_Information shown:_
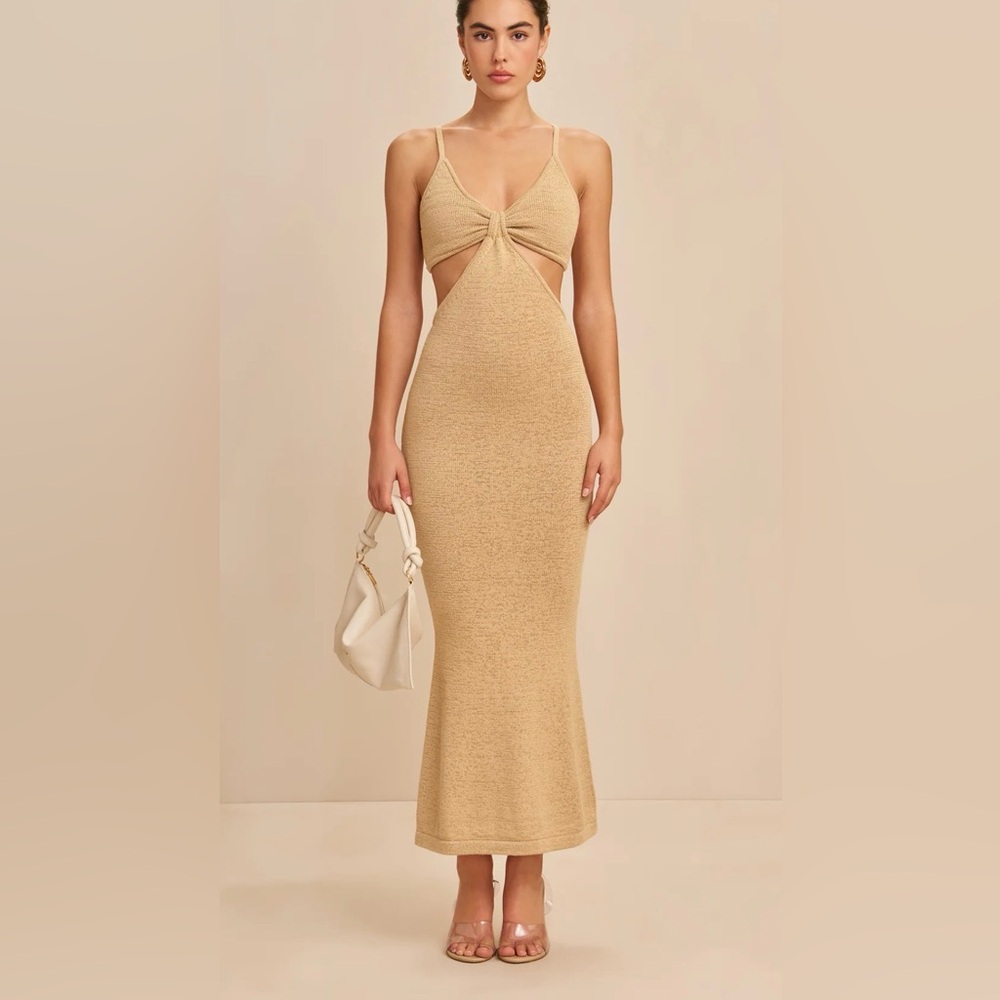 Petal & Pup Backless Tan Dress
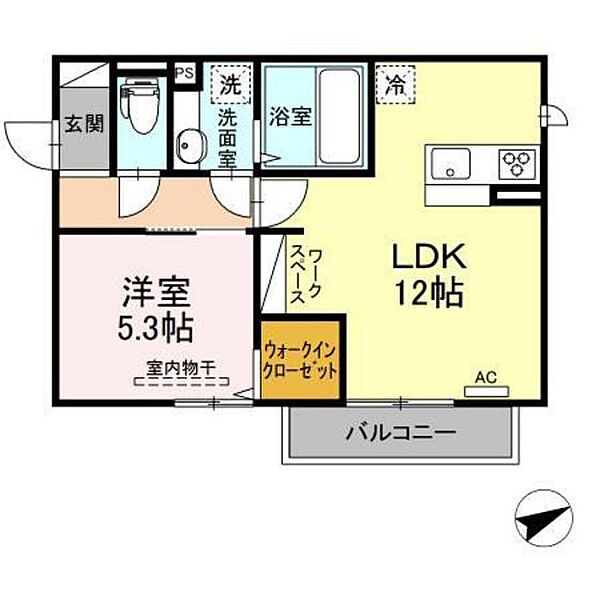 広島県東広島市西条町寺家(賃貸アパート1LDK・2階・42.79㎡)の写真 その2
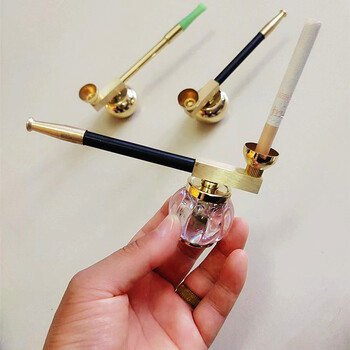 纯铜水过滤烟嘴烟枪烟卷烟两用型水烟袋锅子水烟斗便携式水烟壶可拆卸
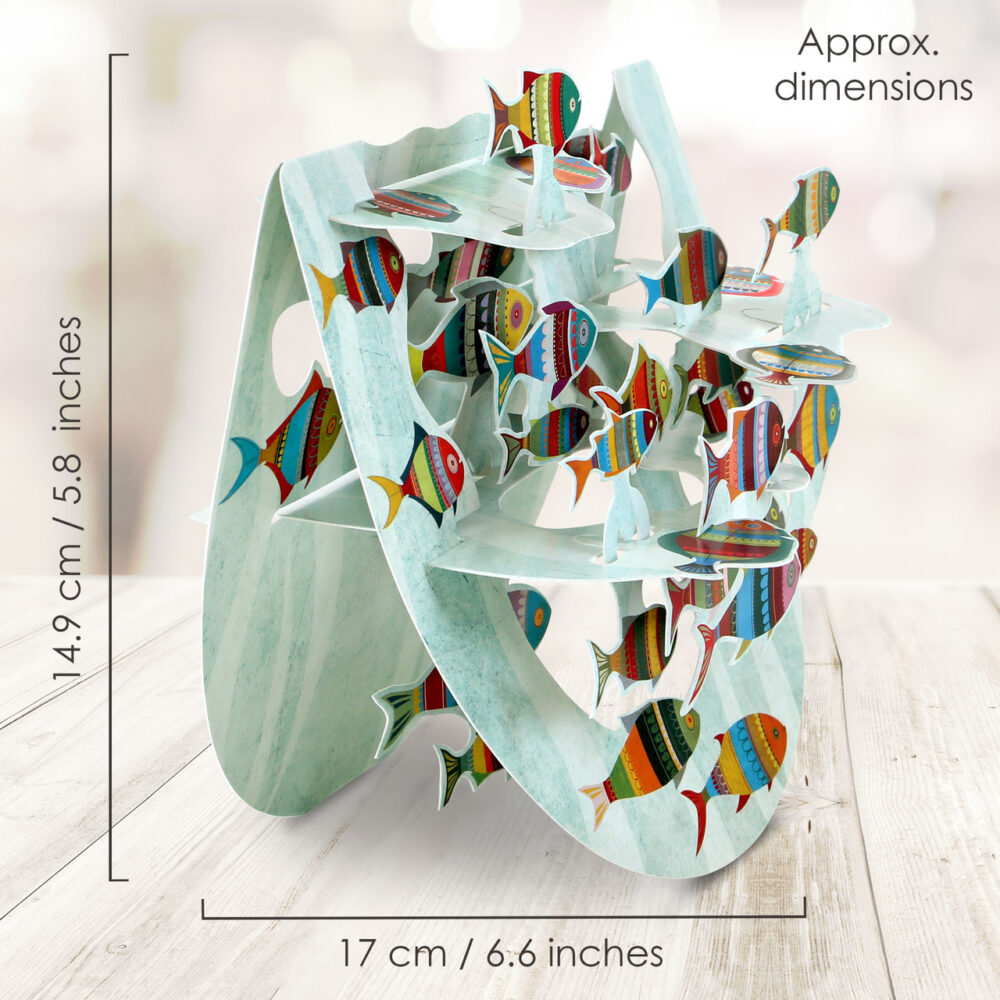Santoro Fish Popnrock 3D Pop-Up Card - Greetings and Birthday Card - Image 5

_To do:_
The required output is the span of lines from the line with "纯铜水过滤烟嘴烟枪烟卷烟两用型水烟袋锅子水烟斗便携式水烟壶可拆卸" through the final line of the listing above, reproduced exactly, minus the pictures.

_Written answer:_
 纯铜水过滤烟嘴烟枪烟卷烟两用型水烟袋锅子水烟斗便携式水烟壶可拆卸
Santoro Fish Popnrock 3D Pop-Up Card - Greetings and Birthday Card - Image 5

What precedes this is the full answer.